> [Recorded data]
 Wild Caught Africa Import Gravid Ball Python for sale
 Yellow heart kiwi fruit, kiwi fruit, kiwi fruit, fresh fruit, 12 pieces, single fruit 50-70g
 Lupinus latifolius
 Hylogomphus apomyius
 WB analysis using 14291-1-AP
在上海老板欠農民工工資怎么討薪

* * *

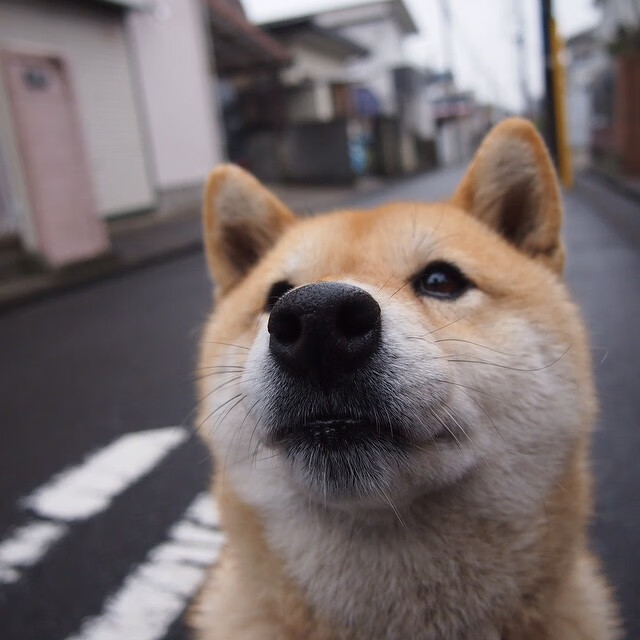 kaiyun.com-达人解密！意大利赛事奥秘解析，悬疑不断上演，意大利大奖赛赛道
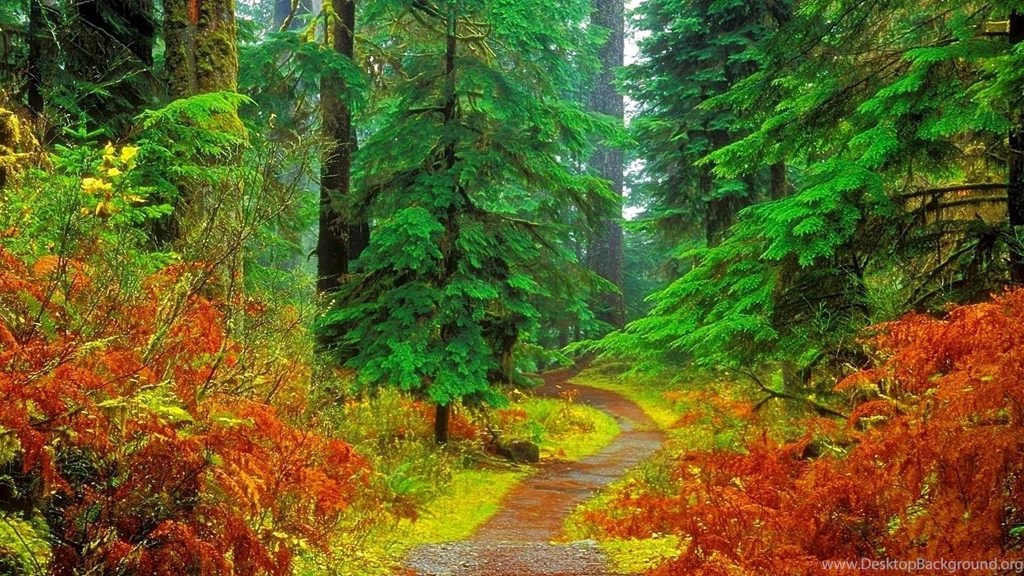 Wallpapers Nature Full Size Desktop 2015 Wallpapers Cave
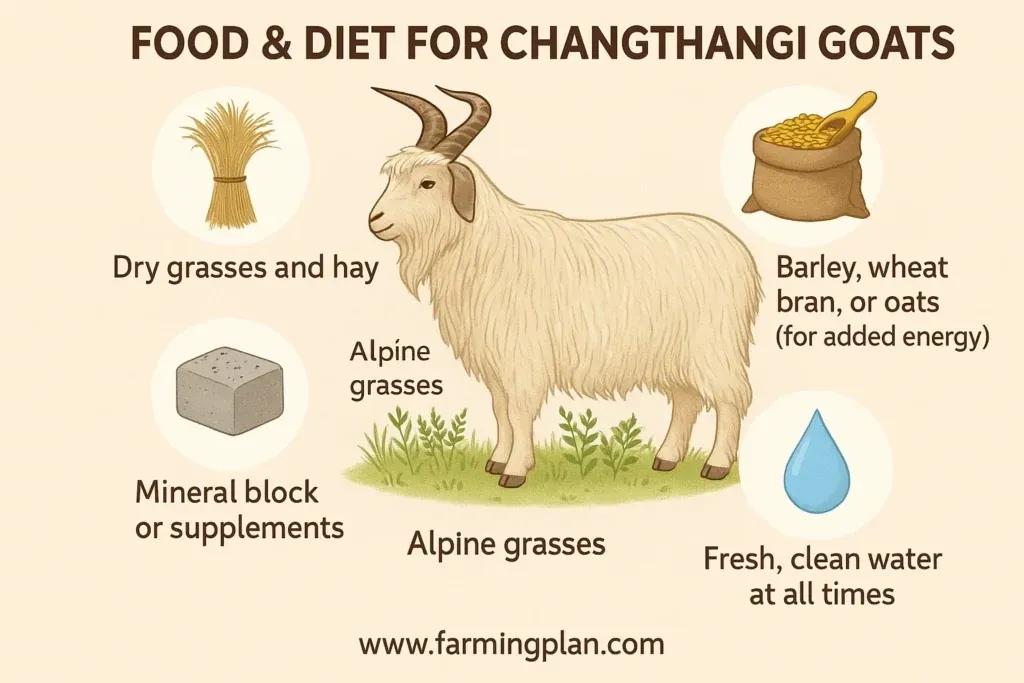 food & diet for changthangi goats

> [Directions for this task] From the data above, output only the lines between the line containing "Wild Caught Africa" and the line containing "在上海老板欠農民工工資怎么討薪", inclusive, exactly as written.

> [Solution for this exercise]
 Wild Caught Africa Import Gravid Ball Python for sale
 Yellow heart kiwi fruit, kiwi fruit, kiwi fruit, fresh fruit, 12 pieces, single fruit 50-70g
 Lupinus latifolius
 Hylogomphus apomyius
 WB analysis using 14291-1-AP
在上海老板欠農民工工資怎么討薪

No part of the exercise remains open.